I have to get the volume of the set $E=\{(x,y,z) : x^2+y^2+z^2 \leq r^2, x^2+y^2-rx \geq 0, x^2+y^2+rx \geq 0\}$.
Are spherical coordinates the best way to go?, because if i put $$x = p\cos\theta\sin\psi \\ y= p\sin\theta\sin\psi \\ z = p\cos\psi$$ i know that because of $x^2+y^2+z^2 \leq r^2$ must be $|p| \leq |r|$, but how do i get the limits of integration for $\theta$ and $\psi$?.
I have that $x^2+y^2-rx \geq 0 \iff p^2\cos^2\theta\sin^2\psi + p^2\sin^2\theta\sin^2\psi - rpcos \theta\sin\psi \geq 0 \iff p\sin\psi(p\sin\psi - r\cos\theta) \geq 0$
And also $x^2+y^2+rx \geq 0 \iff p\sin\psi(p\sin\psi + r\cos\theta) \geq 0$.
Does that mean that i should find $\theta$ and $\psi$ such that $\displaystyle\frac{p\sin\psi - r\cos\theta}{p\sin\psi + r\cos\theta} \geq 0$ ?.
How can i solve an equation like the last one?

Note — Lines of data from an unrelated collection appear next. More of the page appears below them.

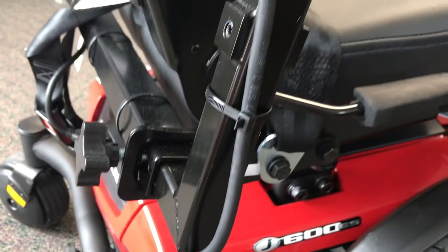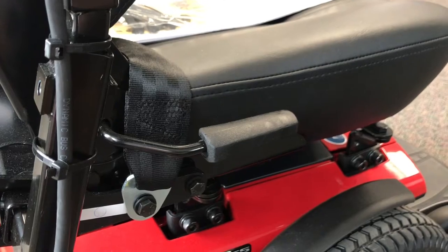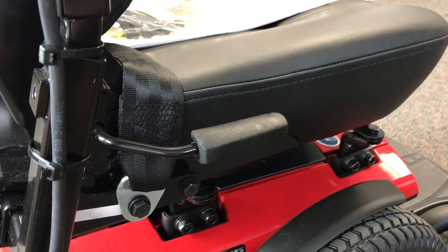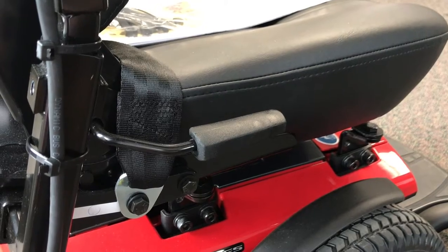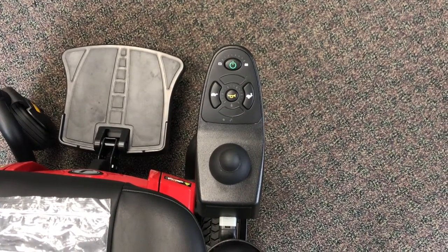There is a small black handle at the back of the seat on the corner. If you pull that handle up, it reclines the backrest just like a car seat. So pull that handle up and you can adjust the seat for your level of comfort.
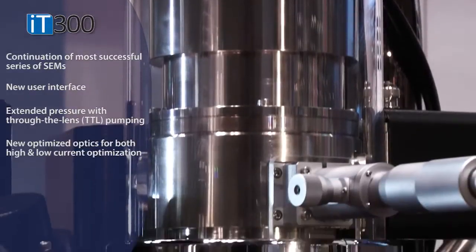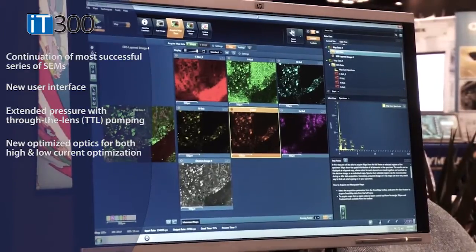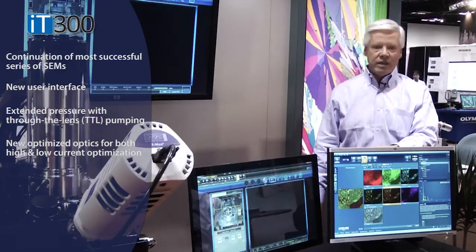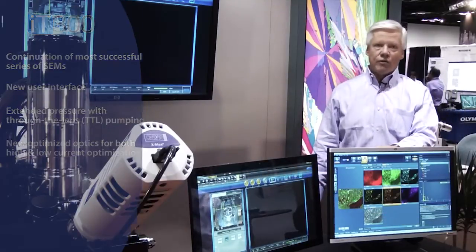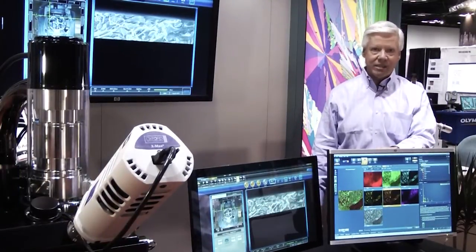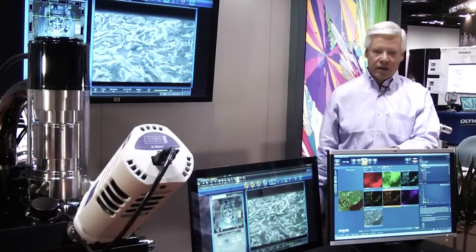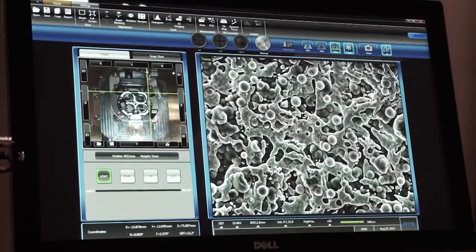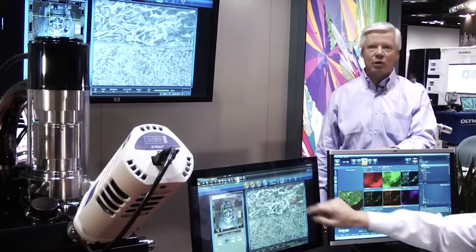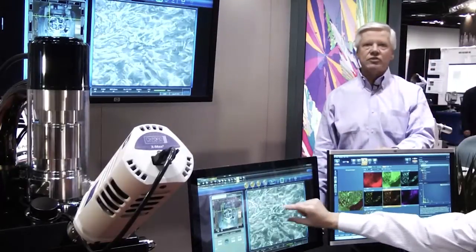We've redesigned the stage, and we've redesigned it to bring it into the 21st century with touch screen operation. As Dave will show, the interface is a fully functional touch screen, although realizing that microscopes are not tablets, we've continued to provide digital knob set with mouse control and keyboard control — it basically allows the user to run the microscope in any mode they feel most comfortable with.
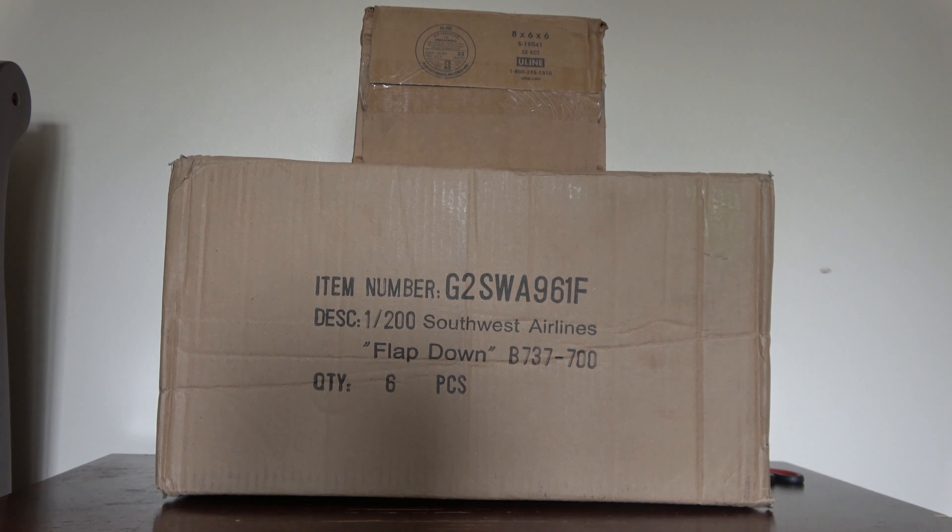What's up everybody, Citrus Aviation here with another video — massive unboxing number eight! Today we have just two boxes: the one on top has three planes in it, and the one on the bottom has seven or nine planes. The top box comes from Diecast Airplane Store — my first time buying from them — and the bottom comes from RM Model Store. I'm recording this on July 28th.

It seems to me that using Cylindrical coordinates will make our job easier. As you see, our region is symmetric so it is enough to consider $1/8$ of whole volume such that $x\ge 0, y\ge 0,z\ge 0$:
Now let's look at the bottom of above region which is on $z=0$:
So the limits are as follows: $$\theta|_0^{\pi/2},~~r|_{a\cos\theta}^a,~~z|_0^{\sqrt{a^2-r^2}}$$
Note: for plots I assumed that $a=2$ and $a$ is $r$ in your original equations.